The vision of the devil, however, is freedom to become a god and use sexuality as one might please. You are your own driver. You will decide how your life unfolds. You are the captain of your soul, the master of your fate. Hence, sexuality will be used as you please. It is the declaration of independence for the rebellious man. To give up using sexuality as he sees fit is to give up his freedom from God to become his own god. And so the one who would call him back to servitude under his Creator is to be most despised, as, in his mind, this person calls him back to bondage.

The rebellious man only sees law and slavery, not love and the flourishing of life, so he cannot submit to God's purposes for his sexuality unless he himself sees it as desirable.

And this last point is important, simply because one cannot look at a person's proper use of sexuality and assume that he is in submission to God either. It may be that such a man simply desired to use his liberation from God in such a way that just so happens to coincide with God's purposes. But this is rare within our culture; and hence, it often displays an attitude of submission when in conjunction with an attitude of submission to the rest of God's Word; but it cannot merely express that on its own.

But one can look at what is more prominent in our culture, which is the rebellion against God through one's use of sexuality.

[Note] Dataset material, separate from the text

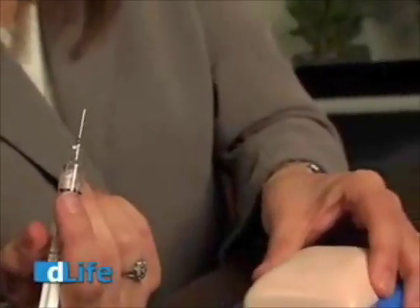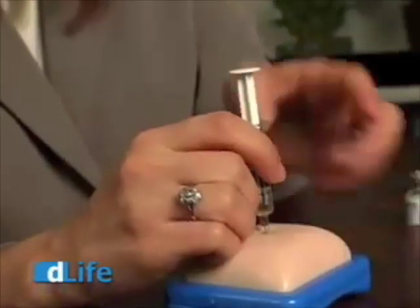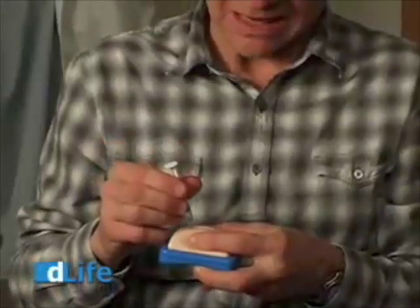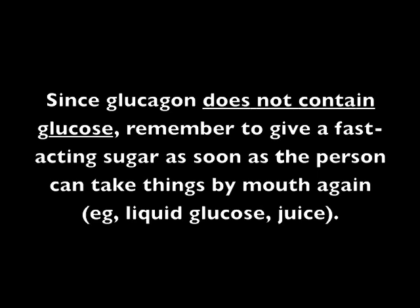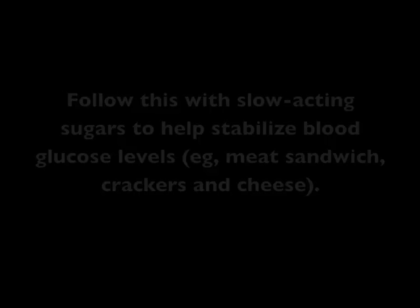Grab the skin gently like this. Insert the needle all the way down to the hub. And then inject. You'd count to three so that all of the liquid has a chance to leave the needle, and then pull out. This is approximately 10 seconds.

There is the demonic man screaming for the right to have sex with other men. There is the child of hell, in anger, protesting any move that would protect the unborn child. There is the deceived soul who rolls his eyes at the thought that he should willingly leave his sexual acts open for God to create life through them.

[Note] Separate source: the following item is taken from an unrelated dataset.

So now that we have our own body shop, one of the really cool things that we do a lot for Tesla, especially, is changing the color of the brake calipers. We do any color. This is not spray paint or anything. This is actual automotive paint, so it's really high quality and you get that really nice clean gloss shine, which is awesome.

So the topic of sex isn't special because nothing else matters. It's different, however, because it displays something more clearly to us in terms of our attitude toward God. Are we willing to receive correction in the area without becoming annoyed, irritated, hostile? Can a contrary view to the one a person holds be discussed as wrong without the claws coming out? Does pride and the inability to change one's mind evidence the fear of letting go of a self-ruled life?

I'm not saying it's wrong to be angry if one is practicing something evil (whether an evil sexual act or a restriction on sex that shouldn't be there); but if one cannot even consider a rebuke in the area without being dismissive, upset, demonically charged, then that is a sure sign that his attitude is not in the right place, and is therefore, in need of redemption via repentance. In other words, if you can't think straight about an issue because you're so emotionally upset by the suggestion that God may condemn certain sexual practices, then maybe you should look at whether you really have given your life over to God in the first place. Don't look to your going to church, doing ministry, singing hymns and saying prayers. None of those are used as evidence of a redeemed life in sanctification passages in the Bible. Sexuality is used as a major sign. Look to that.

So one can pretty himself up quite well. He can make himself look good in terms of even being a Christian. But look to his attitude toward his original purpose and design by God in terms of how he uses his sexuality, and all that icing that has been smeared over a burned cake will melt away, and that which is in ruin will present itself for all to see. Let not the man who is unredeemed in the bedroom think he is redeemed outside of it.